I have a flink cluster( 1 master, 3 workers) runni...
# troubleshooting
z
I have a flink cluster( 1 master, 3 workers) running on my laptop. Job submission works. Tried the same cluster on a remote VM ( internal dev cloud). The cluster works on that VM too. Next, I tried to deploy this cluster on separate VMs 1 Master VM running the Job Manager 3 Worker VMs running the Task Managers Cluster comes up fine. I can see the java processes running on each VM. However, Job submission fails with CompletionException, ConnectionException: Connection Refused Checking with netstat and lsof, the job manager ports on the Master VM is running ONLY on tcp6 proto. NOT tcp (4). So even a simple ncat ping with the ipv4 address from one of the workers to the Master does not get through.

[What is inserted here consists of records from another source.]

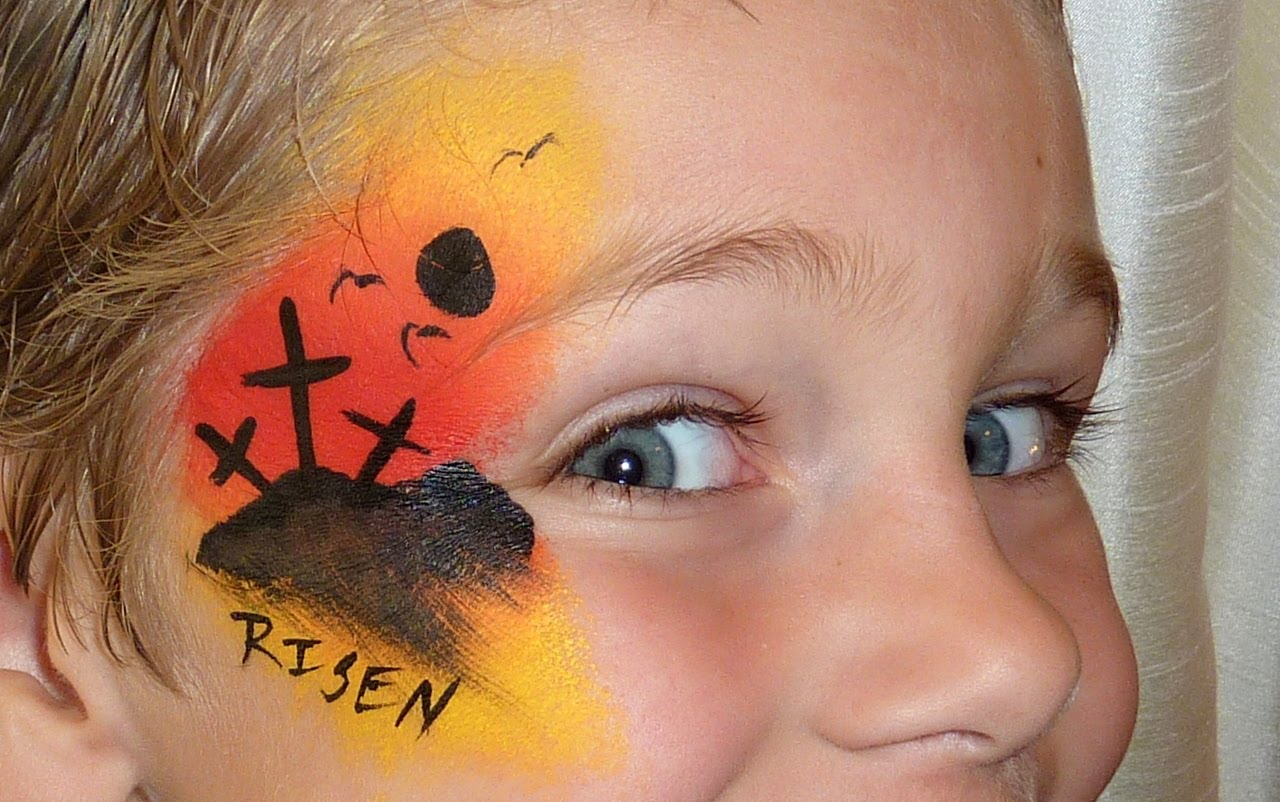 1280x802 Cool Boy Easter Face Painting Design - Christian Face Painting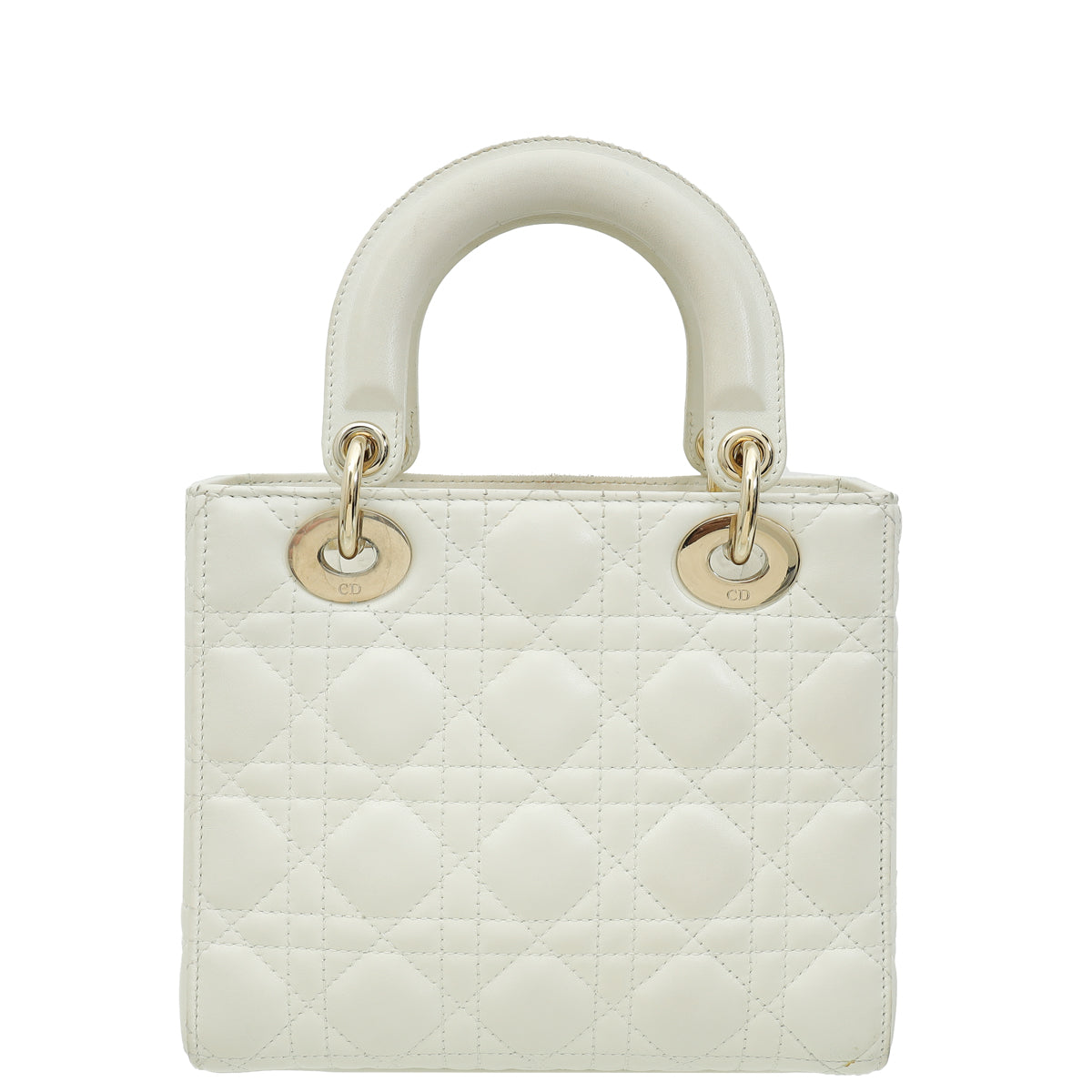 Christian Dior White Lady Dior Small My ABCDior Bag-Christian Dior-THE CLOSET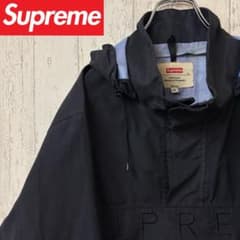 激レア】SUPREME シュプリーム マウンテンパーカー ナイロン 黒 刺繍 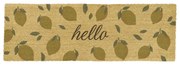 Wycieraczka z włókna kokosowego 40x120 cm Hello Lemons – Artsy Doormats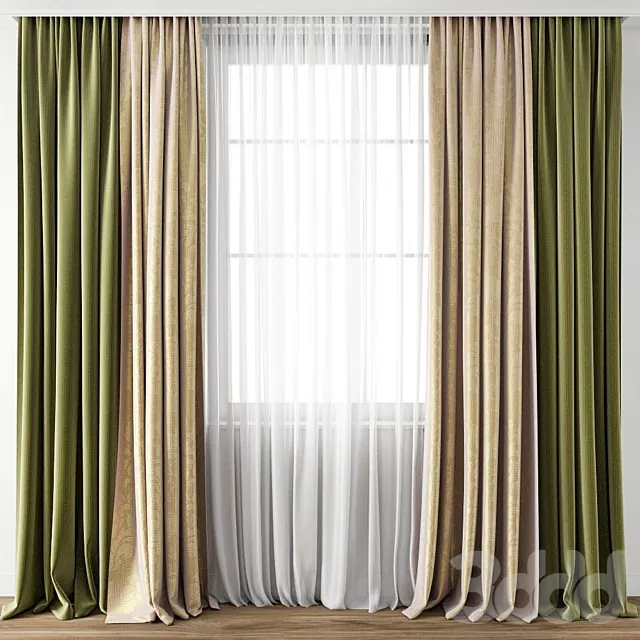 DECORATION – CURTAIN – 3D MODELS – 3DS MAX – FREE DOWNLOAD – 3588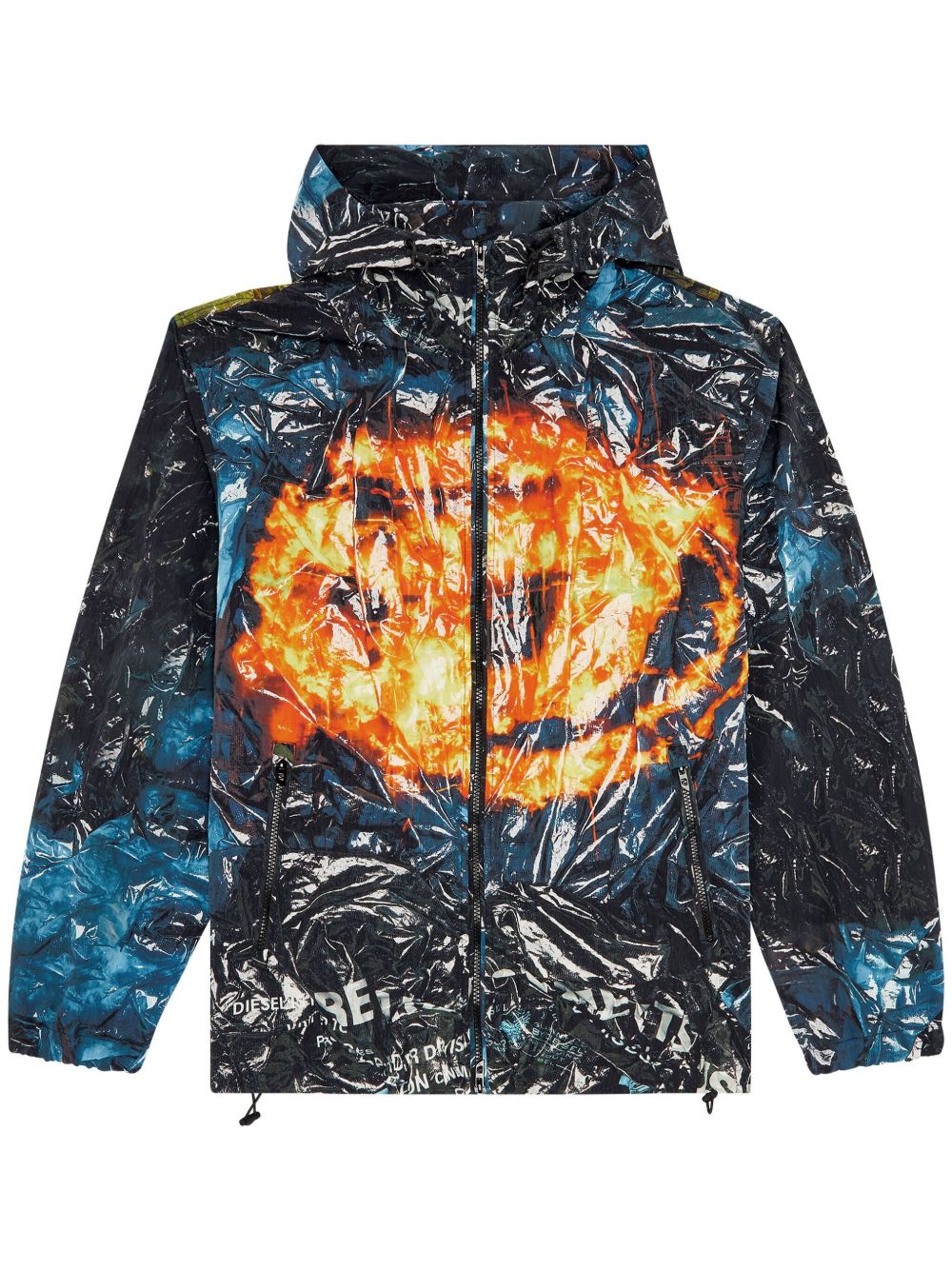 Diesel J-Warrett-Poster フーデッドジャケット | ブルー | FARFETCH JP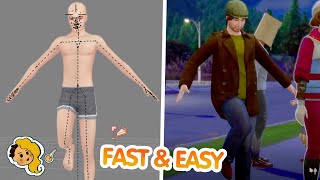 How to Animate in the Sims 4 FAST amp EASY [upl. by Skcirdnek]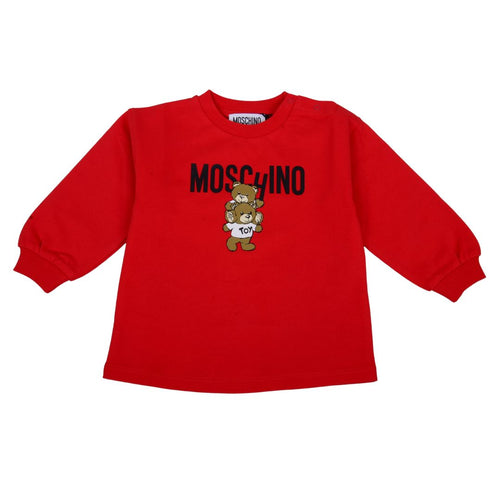 Baby Girls Red Logo & Teddy Dress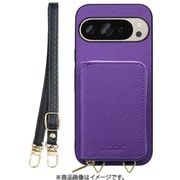 WORK24MPGG-VL-GPX9 [Google Pixel 9/9 Pro 用 小銭入れ付きスマホケース/PUレザー/ストラップ付き バイオレット]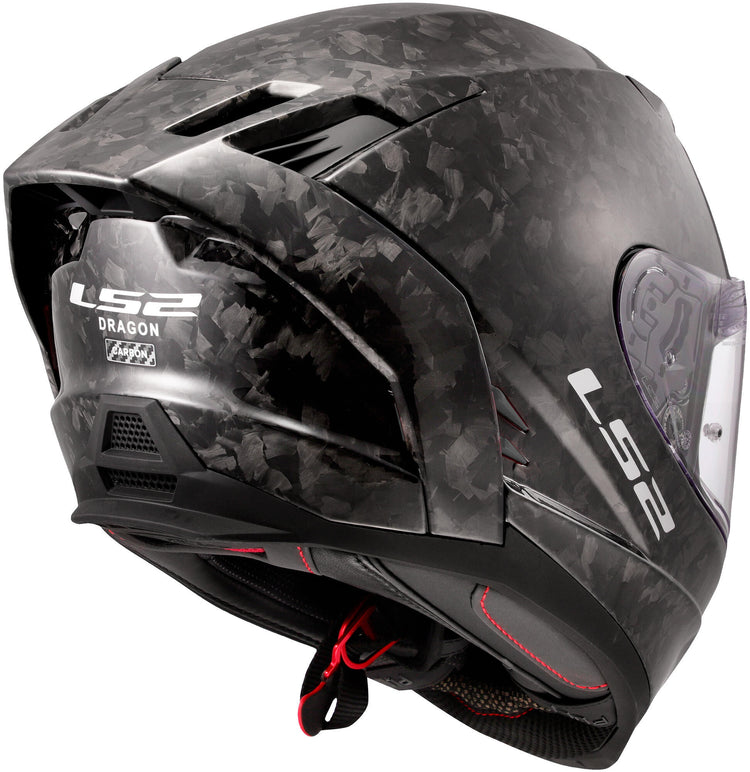 Ls2 Integralhelm FF807 Dragon Forged Helm FF807 Dragon Forged XXL Bl. grau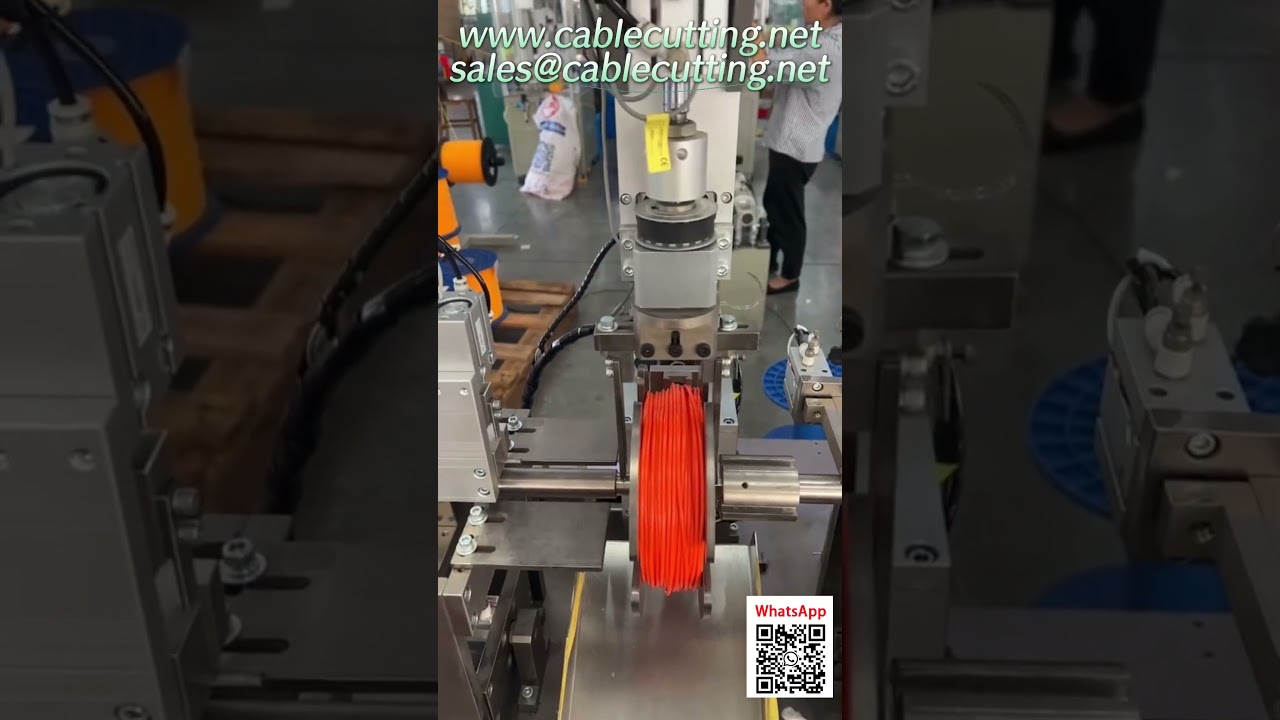 Automatic Tying Machine for Pound Spool Trimmer Line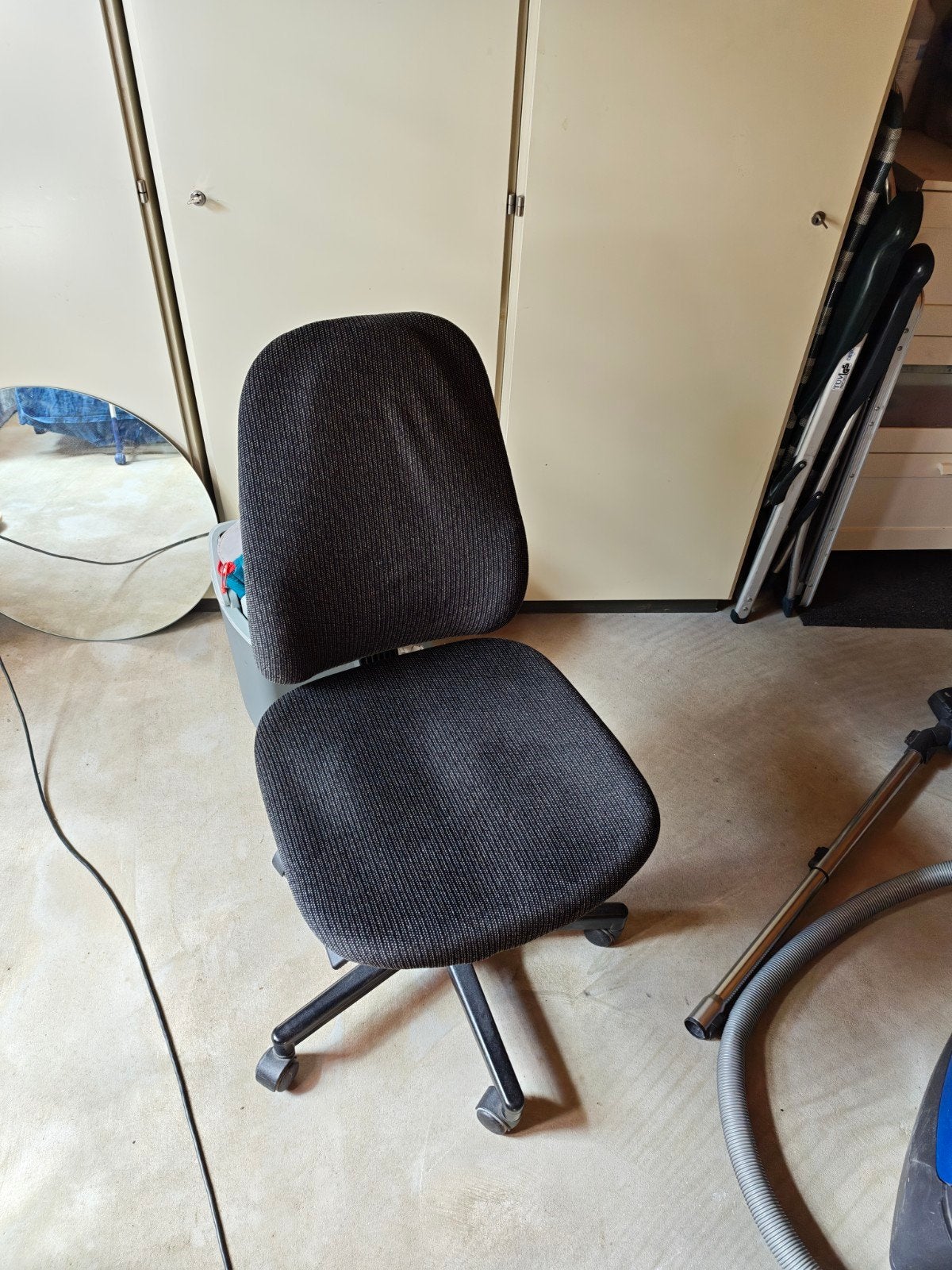 Bureaustoel Interstuhl - Zwart, Ophalen, Gebruikt, Zwart, Bureaustoel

Neither does an ncat ping from Master to itself on that port get through. If I run ncat on those same ports( no flink) then port pings from the workers get through. So clearly there is no reachability to Flink running for some reason with ipv6 proto only. 1. Is there a configuration option to fix this? So the jobmanagers and task managers run both ipv6 and ipv4 protos for their ports? 2. Is there documentation on how taskmanager host, bind-host and port configurations should be done in a multi- VM cluster?